In its opening salvo bringing bitcoin under the watchful eye of the federal government, the Financial Crimes Enforcement Network (FinCEN) issued a Guidance (FIN-2013-G001) in March 2013 clarifying that anti-money laundering regulations concerning record keeping and recording apply to digital currency exchanges.  Under this initial guidance, a bitcoin exchange that allows users to buy bitcoin with real currency and sell bitcoin for real currency must file as a money services business (MSB) as defined under the Bank Secrecy Act (BSA) with FinCEN (but a user who simply obtains virtual currency and uses it to purchase real or virtual goods or services would not be subject to FinCEN regulations).

Yesterday, FinCEN issued two additional rulings that answer questions submitted by two companies seeking guidance on whether they must register as MSBs and be subject to the accompanying reporting, recordkeeping and monitoring requirements.  These rulings are important in further clarifying the scope of its initial March 2013 guidance.

In FIN-2014-R011, “Request for Administrative Ruling on the Application of FinCEN’s Regulations to a Virtual Currency Trading Platform,” one company asked whether its plans to set up a virtual currency trading and booking platform would make it subject to FinCEN regulations.  Specifically, the company’s plan involved a trading system to match offers to buy and sell convertible virtual currency for real currency anonymously among the platform’s customers (inter-account transfers or payments from customer accounts to third-parties would be prohibited).  In response, the agency ruled that such a trading platform would be considered an MSB:

A person that accepts currency, funds, or any value that substitutes for currency, with the intent and/or effect of transmitting currency, funds, or any value that substitutes for currency to another person or location if a certain predetermined condition established by the transmitter is met, is a money transmitter under FinCEN’s regulations.” […] The Company is facilitating the transfer of value, both real and virtual, between third parties.

The method of funding the transactions is not relevant to the definition of money transmitter. An exchanger will be subject to the same obligations under FinCEN regulations regardless of whether the exchanger acts as a broker (attempting to match two (mostly) simultaneous and offsetting transactions involving the acceptance of one type of currency and the transmission of another) or as a dealer (transacting from its own reserve in either convertible virtual currency or real currency). Therefore, FinCEN finds that the Company is acting as an exchanger of convertible virtual currency, as that term was described in the Guidance.

In FIN-2014-R012, “Request for Administrative Ruling on the Application of FinCEN’s Regulations to a Virtual Currency Payment System,” another company asked whether a proposed convertible virtual currency payment system for the hotel industry that accepted customers’ credit card payments and transferred the payments to the merchants in the form of bitcoin (presumably to avoid substantial foreign exchange risks in Latin America) would make the company a MSB.  Under such a payment system, the merchants would be paid using the company’s own large reserve of bitcoins.  FinCEN responded that if the company sets up such a payment system, the company would be a money transmitter and subject to regulations because “it engages as a business in accepting and converting the customer’s real currency into virtual currency for transmission to the merchant.”

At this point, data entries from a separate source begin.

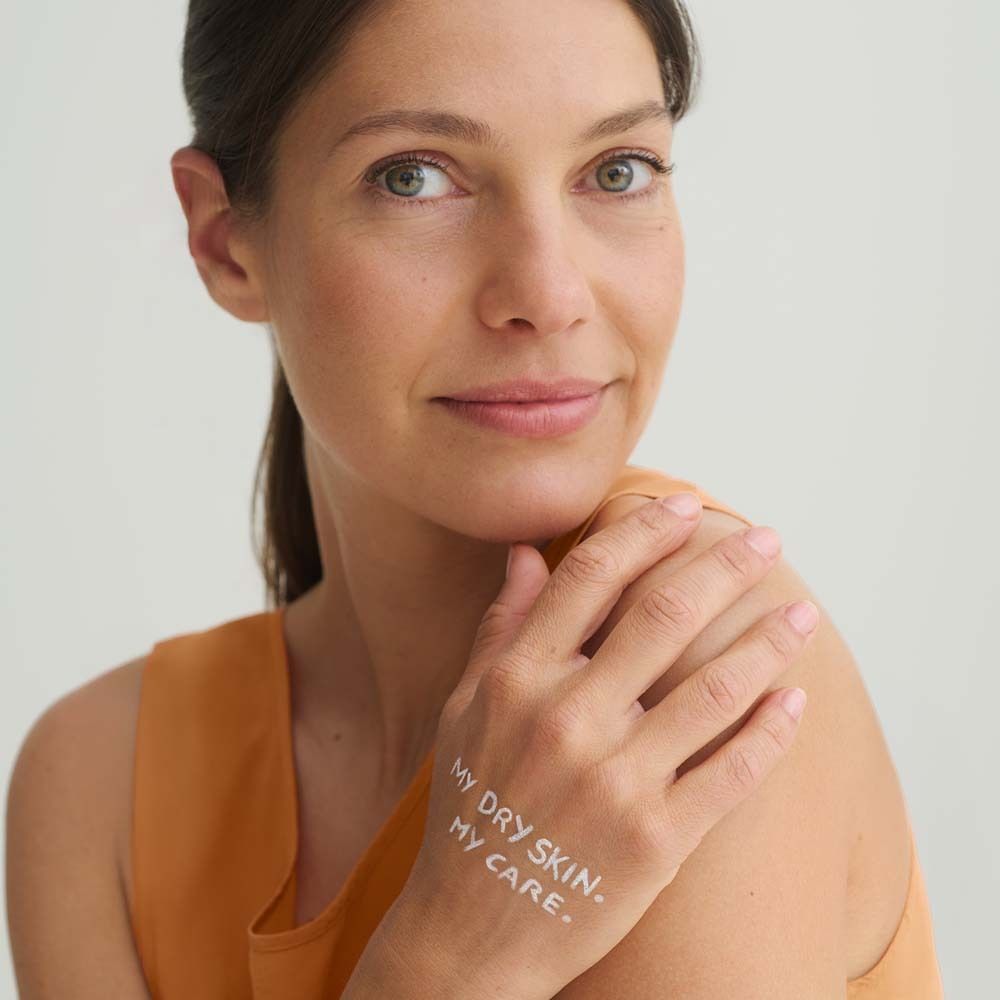 Femme avec texte sur la main : MY DRY SKIN. MY CARE. Elle porte un haut orange. Fond clair.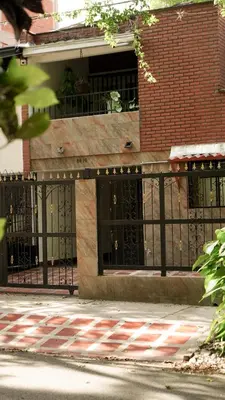 a building with a black fence in front of a building at Casa La Palma Habitación Cielo in Medellín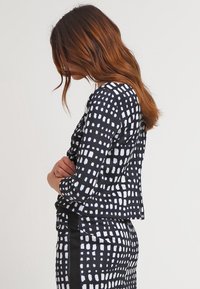 Haut à motifs noir et blanc avec des manches trois-quarts, présentant un motif en quadrillage et une silhouette ajustée. Texture de tissu lisse.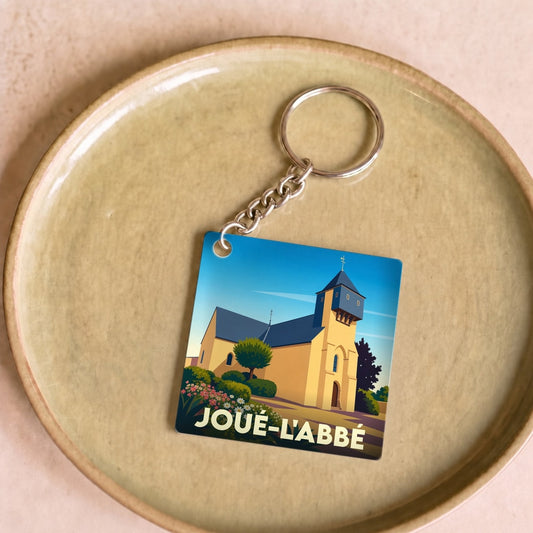 Porte-clés souvenir de la ville de Joué-l'Abbé avec une illustration stylisée de son église.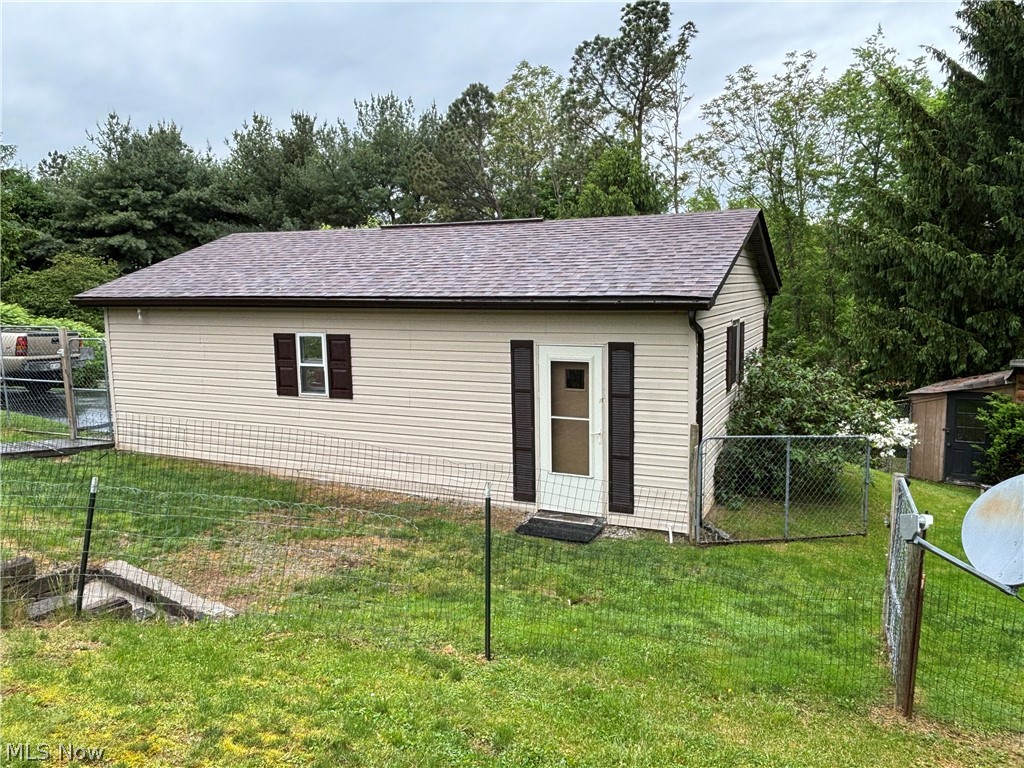 2417 Mc Adoo Ridge Road Wellsburg, WV 26070 - Photo 25 of 33 Rear view of house with a yard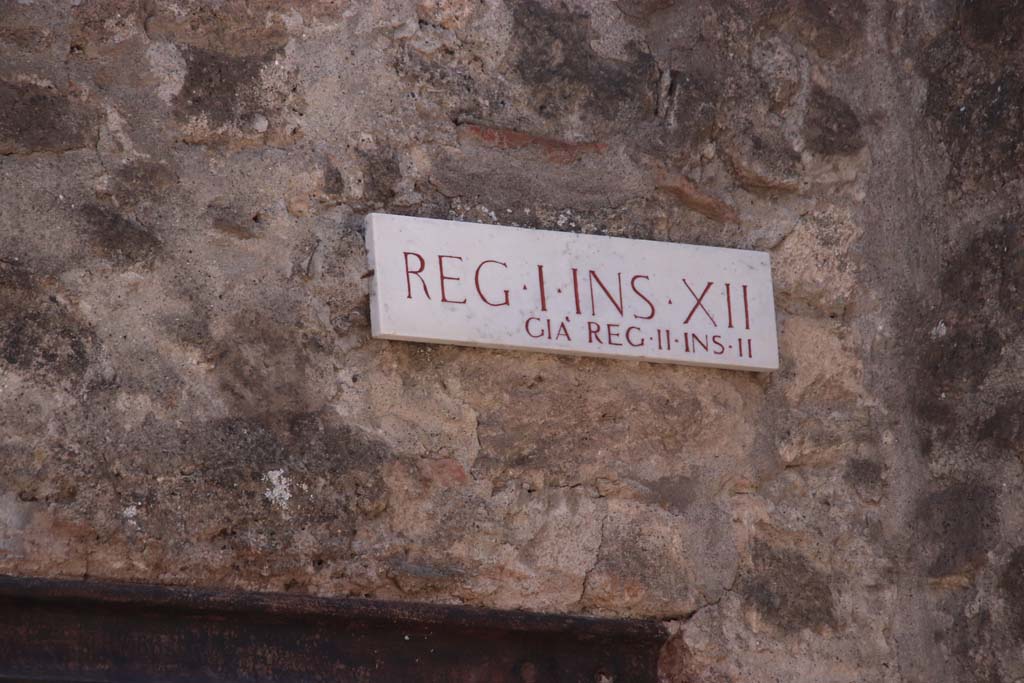 I.12.1 Pompeii. September 2019. 
Insula identification plaque, Reg. I. Ins. X11, previously known as Reg. II, Ins. 11 (which is Reg. II, Ins. 2). 
Photo courtesy of Klaus Heese.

The agency further stated:

The fact that the Company uses its cache of Bitcoin to pay the merchant is not relevant to whether it fits within the definition of money transmitter. An exchanger will be subject to the same obligations under FinCEN regulations regardless of whether the exchanger acts as a broker (attempting to match two (mostly) simultaneous and offsetting transactions involving the acceptance of one type of currency and the transmission of another) or as a dealer (transacting from its own reserve in either convertible virtual currency or real currency).

As the bitcoin ecosystem matures and new business models develop, the reach of federal anti-money laundering regulations may be unclear in certain circumstances.